- 4 eggs (beaten)
- 2 cups flour
- 2 cups water
- 1 cup milk
- 2 tablespoons margarine (melted)
- 1 teaspoon salt
- Sift the dry ingredients into a bowl
- Add the wet ingredients and mix together until lump free. Leave to stand for 20-30 minutes.
- Heat a frying pan on a medium heat. Use a non-stick spray if needed, or heat a little oil in the pan and pour it out between pancakes.
- Pour enough batter so that there is a thin layer (1mm – 2mm thick) of batter over the bottom of the pan. These pancakes won’t rise like the American style pancakes.

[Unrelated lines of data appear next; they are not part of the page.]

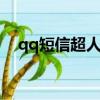 qq短信超人 qq短信超人（qq短信超人）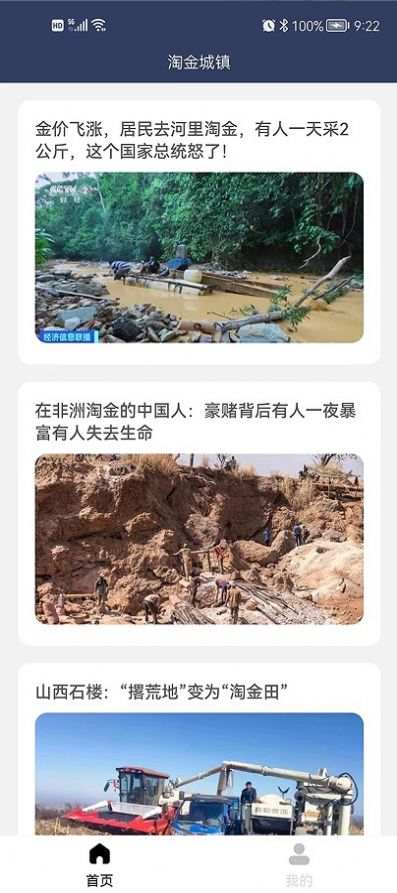 陶金城镇游戏最新版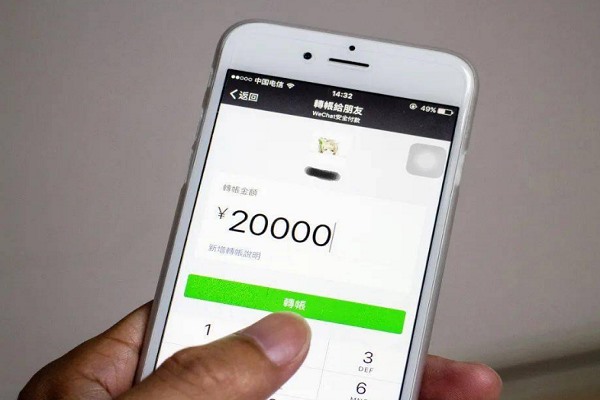 发现老公的微信小号，该怎么办？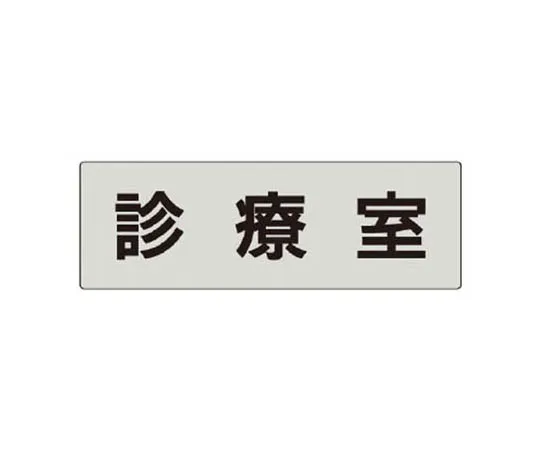 62-0345-03　［Discontinued］Sign Cube with Asbestos Sealed, Double-sided WT 403 x 835 x 650　RS589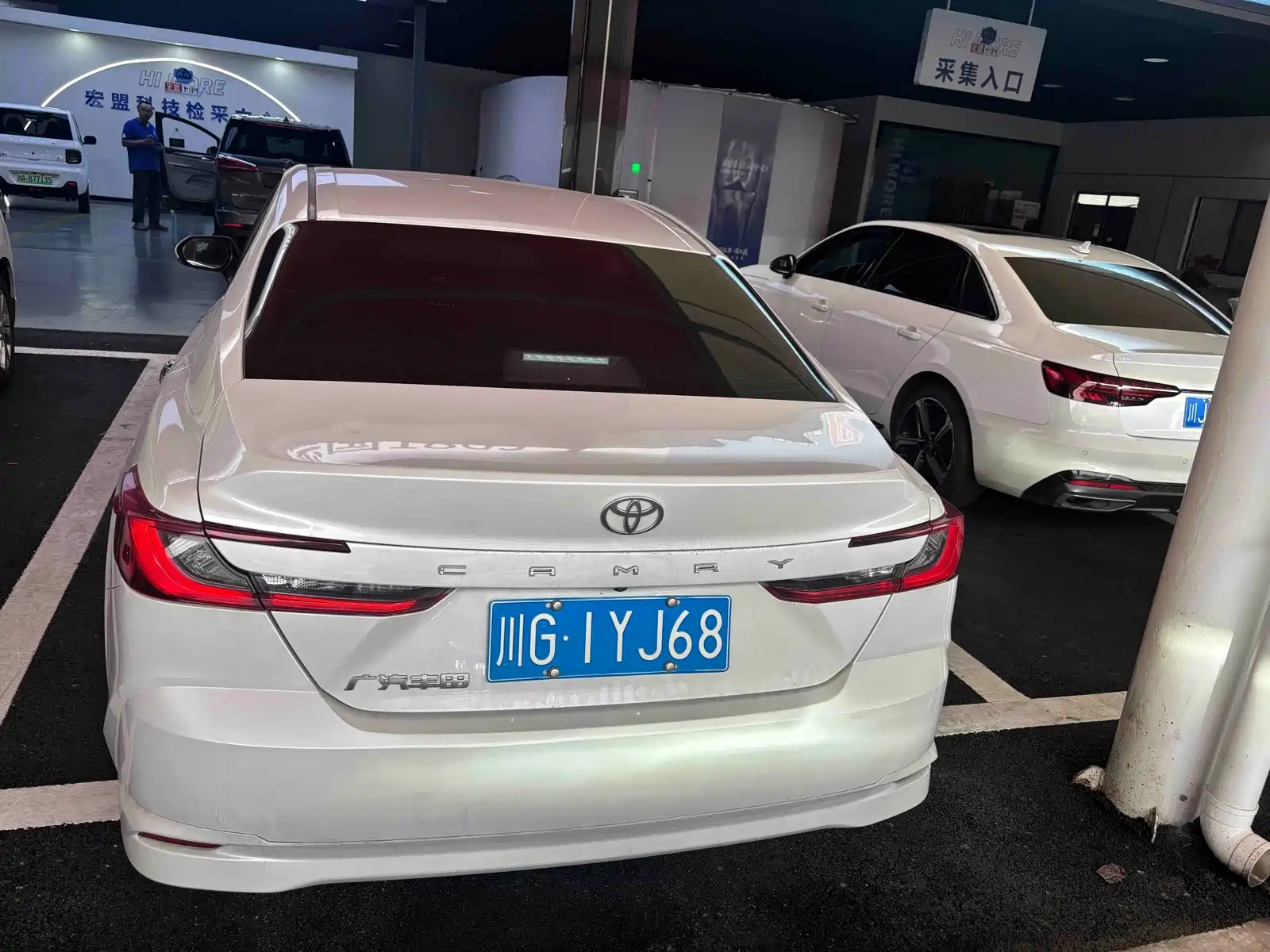 صورة 9 - Toyota Camry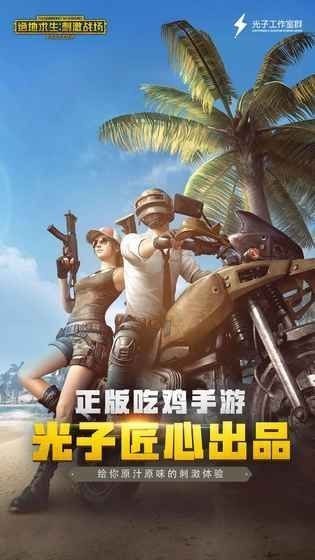 和平灵敏度2023最新版下载安装v4.0图1: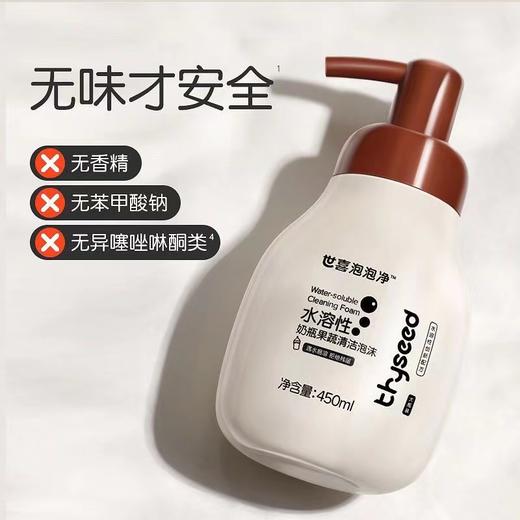 （会员专属价）世喜泡泡净旅行装100ml瓶装 商品图0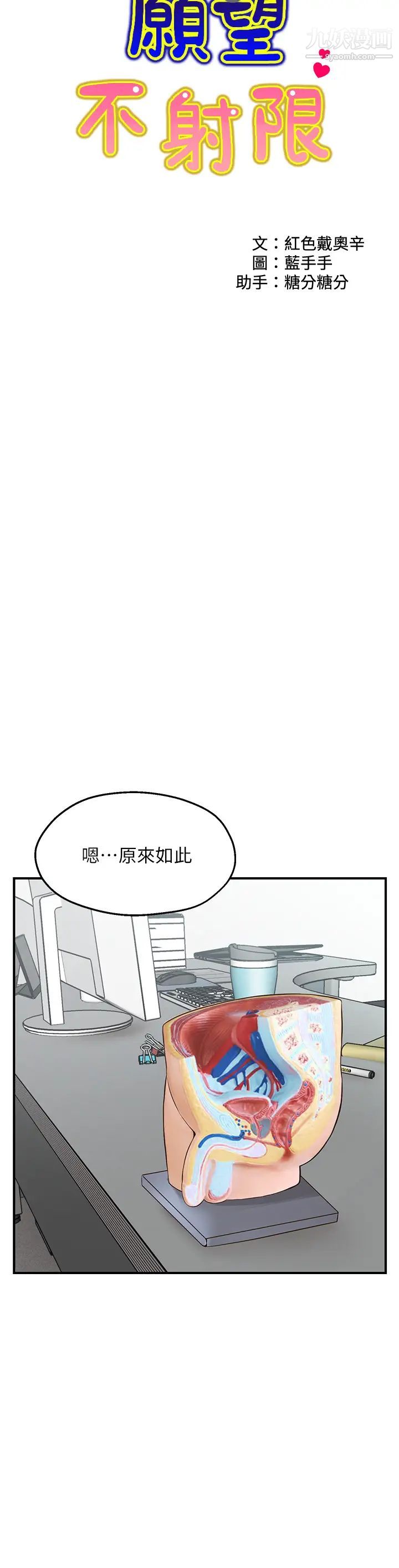 愿望不射限第1话-神啊，请让我的GG变小吧!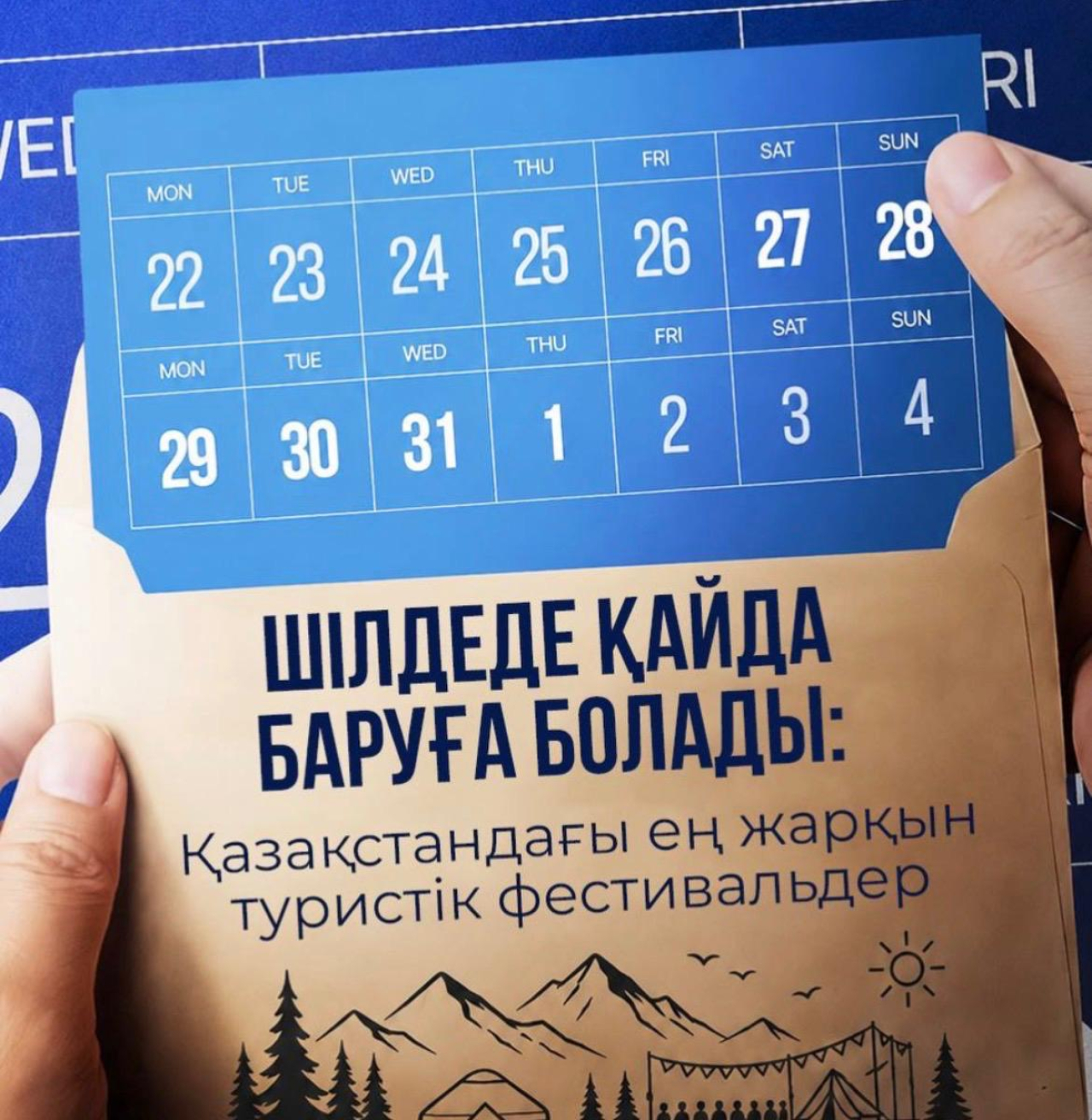 Шілдеде Қазақстан өңірлерінде ірі туристік фестивальдер өтеді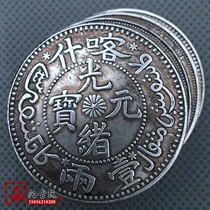 Silver dollar Silver Yuan Yuan Shikai vintage Dayang Longyang Old silver coin Ancient coins Qing Silver coin Xiangping one or two Kashgar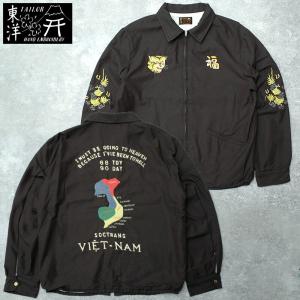 TAILORTOYO テーラー東洋 #TT15880 Late 1960s Style コットンレーヨン ベトナムジャケット『VIETNAM MAP』エイジングモデルメンズ 男性 アウター ブルゾン｜ミリタリー百貨シービーズ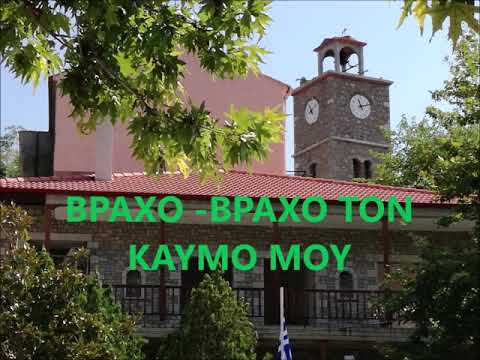 ΑΝΔΡΕΑΣ ΤΣΑΟΥΣΗΣ Η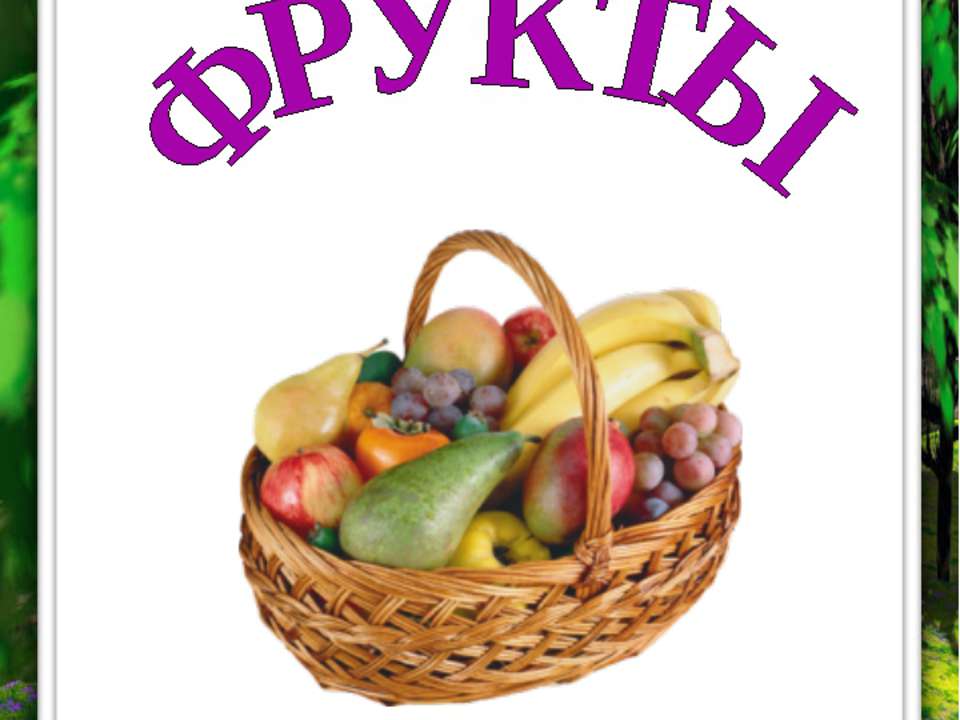 Фрукты  - Скачать презентации бесплатно | Читать или скачать учебники для школы онлайн бесплатно ☑ Школьные учебники school-textbook.com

- Leave batter in pan until air bubbles start to form. Then use an egg-lifter to turn the pancake over. If the pan is properly coated with non-stick spray or oil and the pancake is ready to turn this should be easy. Sometimes it will take 1 or 2 attempts to grow accustomed to when to turn the pancake.
- Once turned, leave the pancake to cook on the other side. Once the second side is ready there should be some brown spots on the second side of the pancake. Once cooked the pancake should still be soft and easy to roll up (like one would roll a newspaper).
- For savoury pancakes, turn the pancake onto a plate and put cooked minced meat(with tomato and onion sauce) in the middle, sprinkle with cheese. You can use Chicken and Mayonnaise. Have fun experimenting with different fillings.
- For classic South African sweet pancakes, mix cinnamon and sugar together in a bowl and sprinkle over the whole pancake. A dash of lemon juice can also be added if wished (some people like it, others don’t).
- Roll the pancake like a newspaper and serve. Some shops serve the pancakes with a spoon of cream or ice-cream. Below are the rolled versions of the Minced Meat pancake and the Sweet Cinnamon pancake.
The sweet pancakes are so cheap and easy to make, they are often sold at church/charity/school fund-raising events here in South Africa. 4 outdoor gas stoves, 4 pans, and 2 cooks can make a lot of pancakes quickly. Wrap them up in grease proof paper for eating with ones hands while walking around a flea-market. They are normally sold for R3,50 (US$0.50) each over here in South Africa.